[Problem to solve] Transcribe all of the data exactly. Omit the pictures.

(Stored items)
----------------------------------------

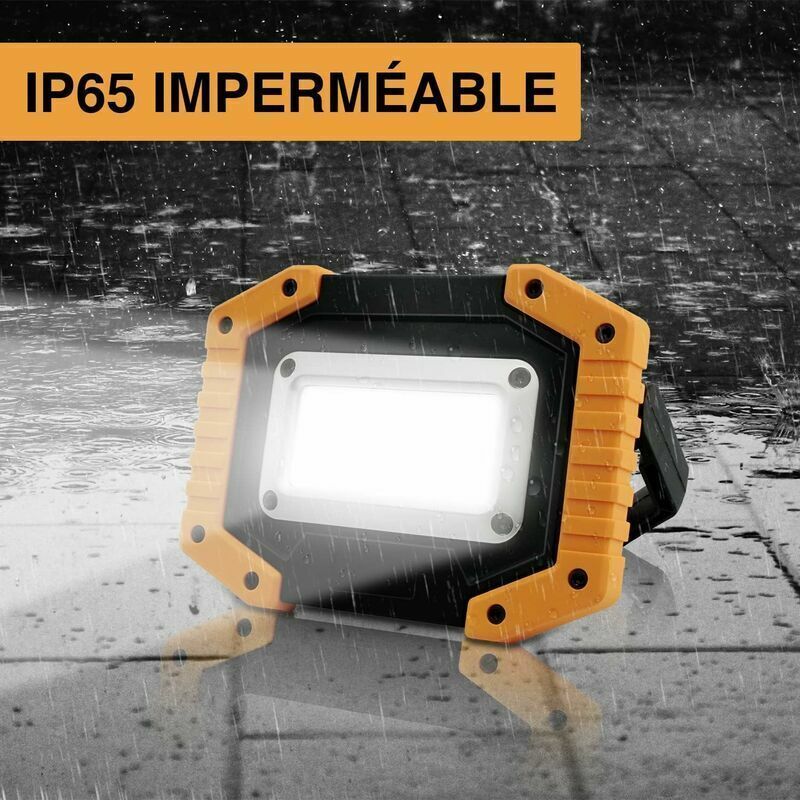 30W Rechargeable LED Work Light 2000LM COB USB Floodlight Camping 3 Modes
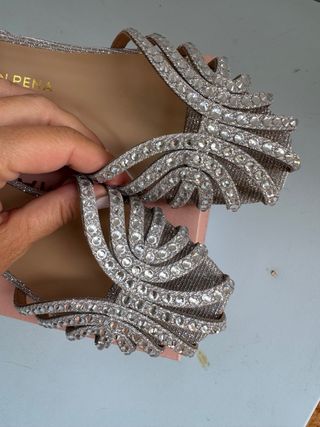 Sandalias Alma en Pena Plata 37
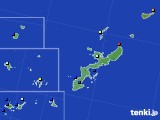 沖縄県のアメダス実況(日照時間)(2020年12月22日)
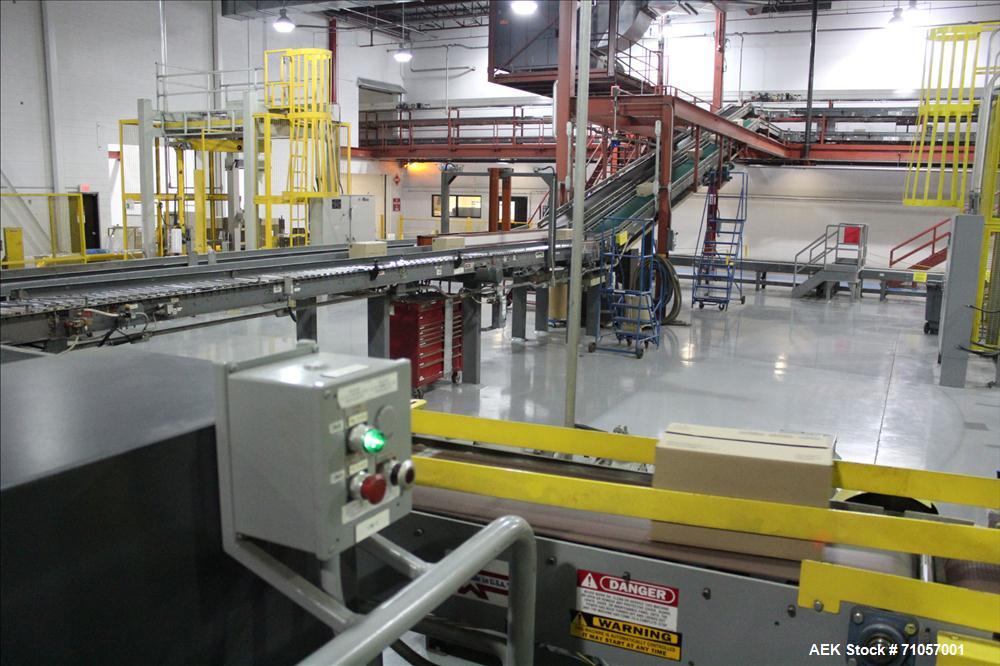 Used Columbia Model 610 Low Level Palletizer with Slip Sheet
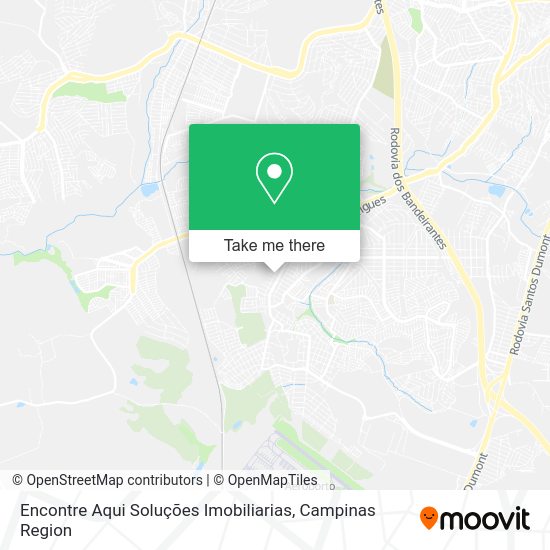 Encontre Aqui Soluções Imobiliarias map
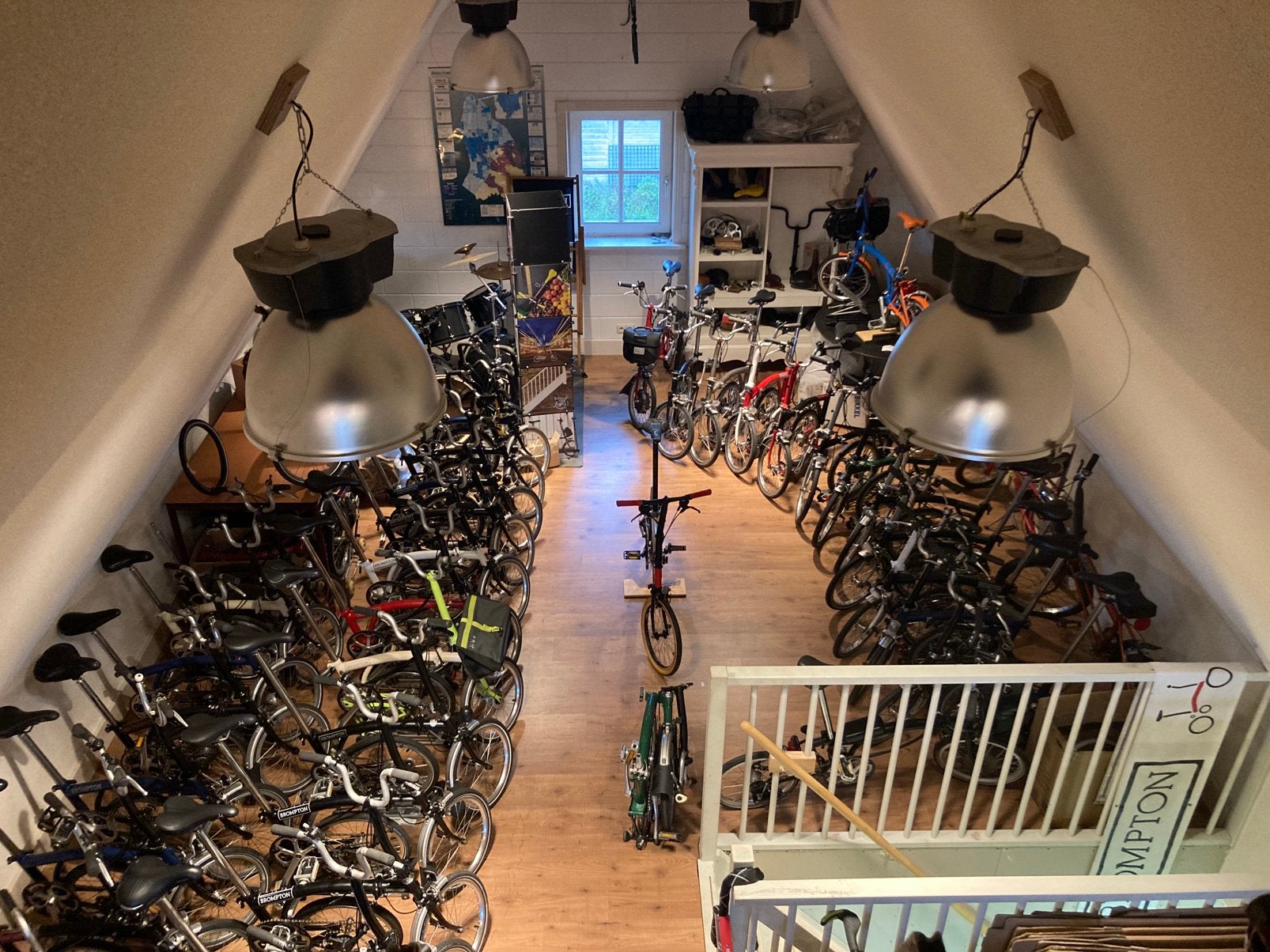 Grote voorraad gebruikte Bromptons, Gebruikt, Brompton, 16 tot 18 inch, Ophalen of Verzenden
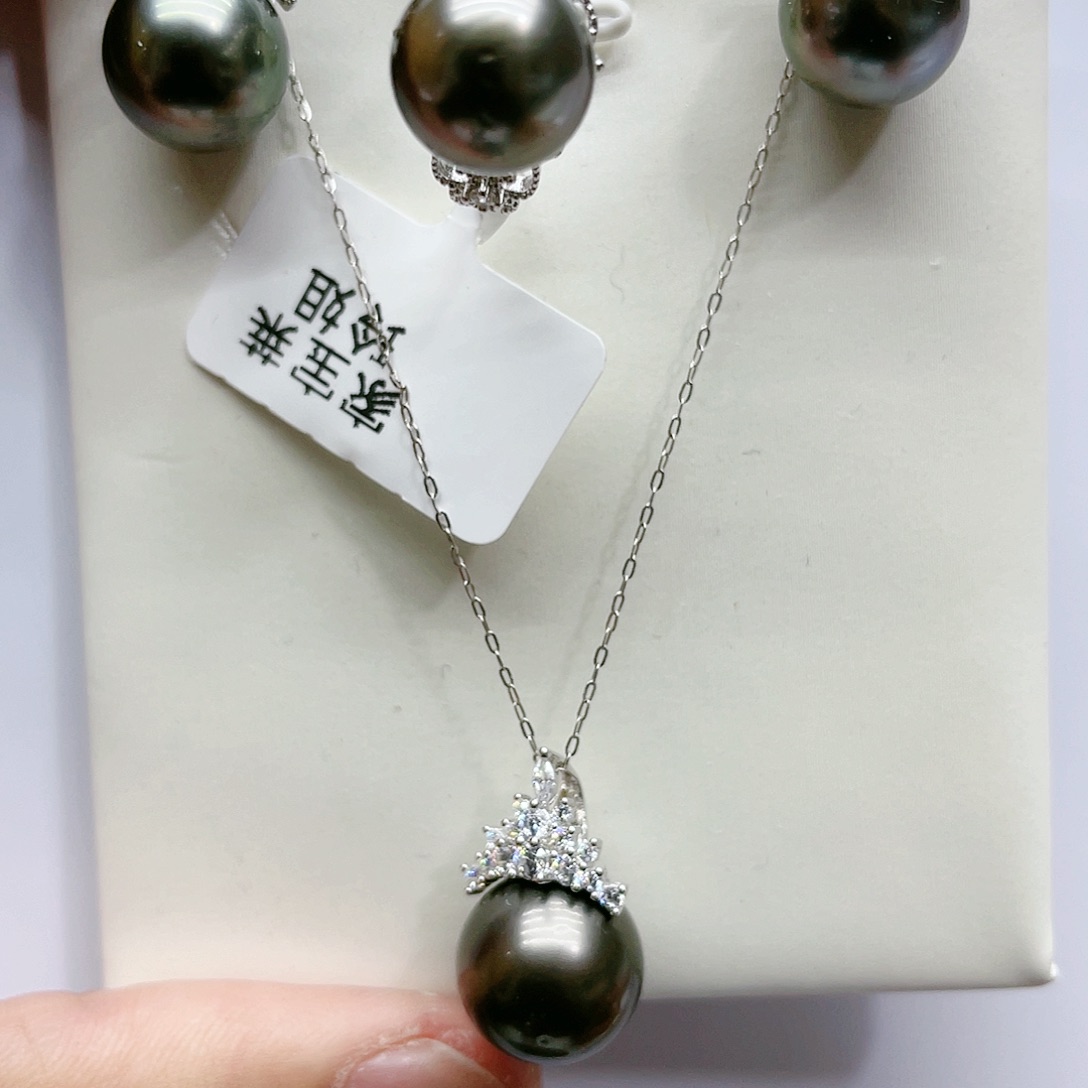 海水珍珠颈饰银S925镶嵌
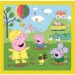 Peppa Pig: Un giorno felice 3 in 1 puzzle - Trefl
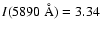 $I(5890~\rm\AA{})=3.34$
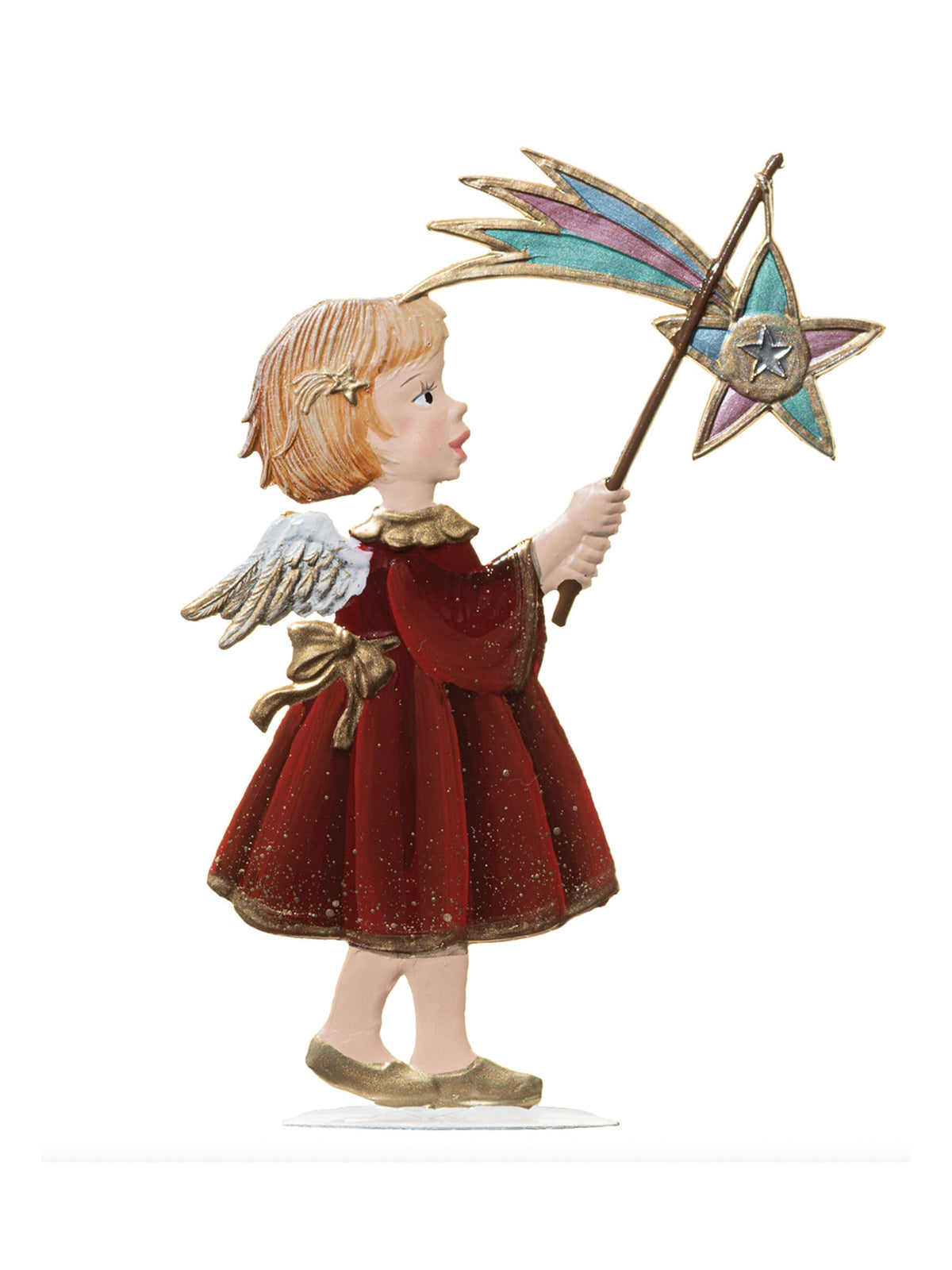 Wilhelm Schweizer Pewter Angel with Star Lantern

----------------------------------------

[Response to the task]
 30W Rechargeable LED Work Light 2000LM COB USB Floodlight Camping 3 Modes
 Sandalias Alma en Pena Plata 37
 沖縄県のアメダス実況(日照時間)(2020年12月22日)
 Used Columbia Model 610 Low Level Palletizer with Slip Sheet
 Encontre Aqui Soluções Imobiliarias map
 Grote voorraad gebruikte Bromptons, Gebruikt, Brompton, 16 tot 18 inch, Ophalen of Verzenden
 海水珍珠颈饰银S925镶嵌
 Peppa Pig: Un giorno felice 3 in 1 puzzle - Trefl
 $I(5890~\rm\AA{})=3.34$
 Wilhelm Schweizer Pewter Angel with Star Lantern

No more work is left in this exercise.